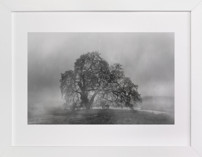 in the rain Fine Art Prints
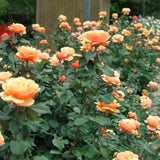Live Orange Rose Bush, Fragrant Reblooming Plant, 5-10 Inch Tall, No Pot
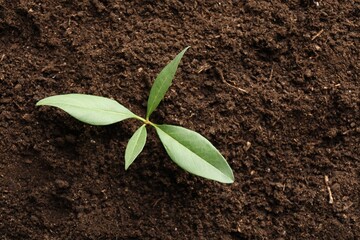 Young plant growing in soil as background, top view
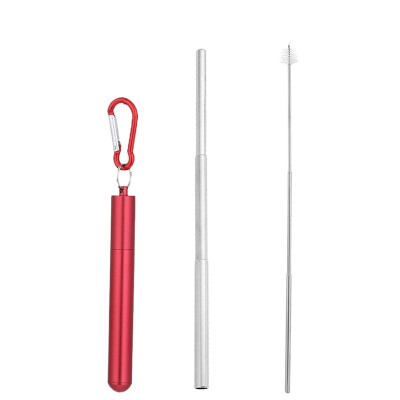 

Portable Reusable Drinking Telescopic Stainless Steel Straws Sets Carabiner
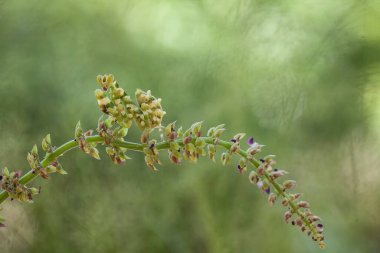 Bu peygamber devesi, henüz tam olarak açılmamış olan eğrelti otunun ucundadır. Bu bitki tropikal ormanlarda yaygın olarak bulunur ve bu peygamber devesi avını beklediği için mutludur..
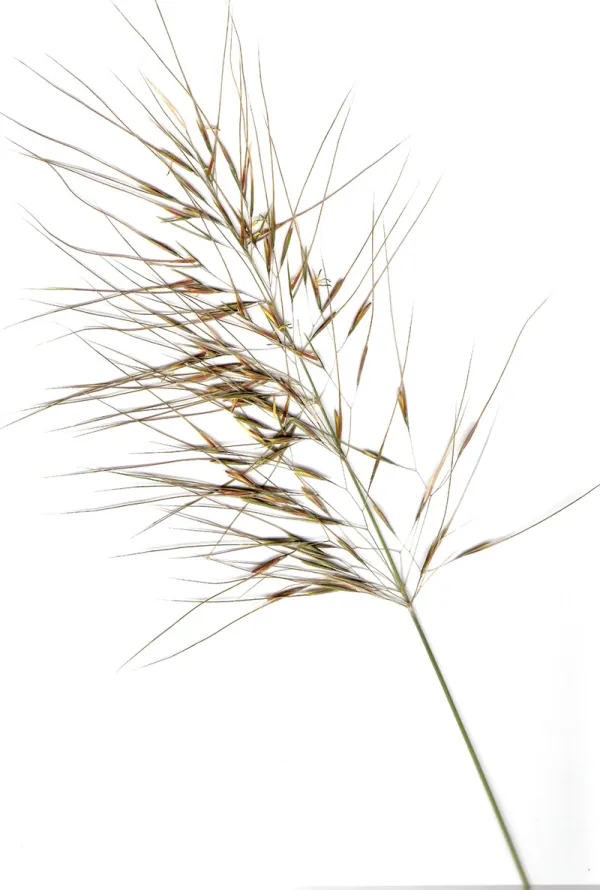 Spear Grass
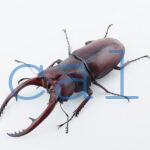 Prosopocoilus.astacoides.fraternus?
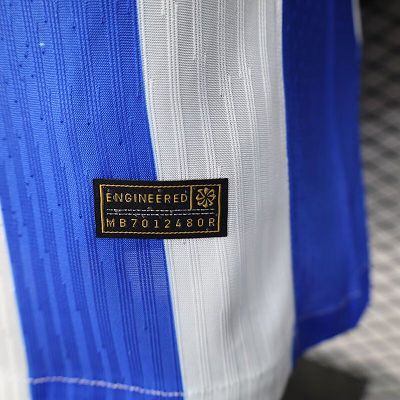 2025/26 Brighton & Hove Albion Home Jersey Player Version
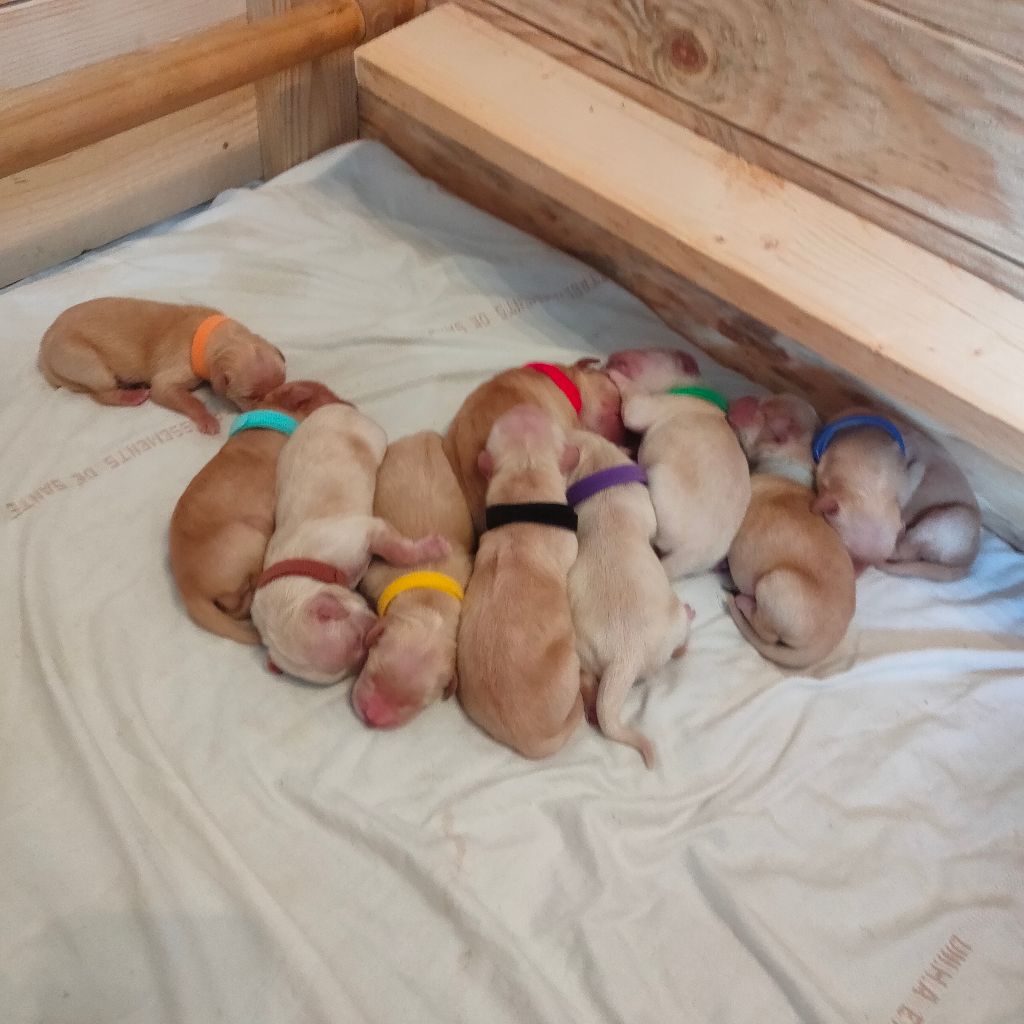 chiots nés chez nous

┄┄┄┄┄┄

**Work instruction**: Reproduce the listing above from the line that holds "Young plant growing" through the line that holds "Portable Reusable Drinking", both included, with the pictures left out.

**Task output**:
 Young plant growing in soil as background, top view

Portable Reusable Drinking Telescopic Stainless Steel Straws Sets Carabiner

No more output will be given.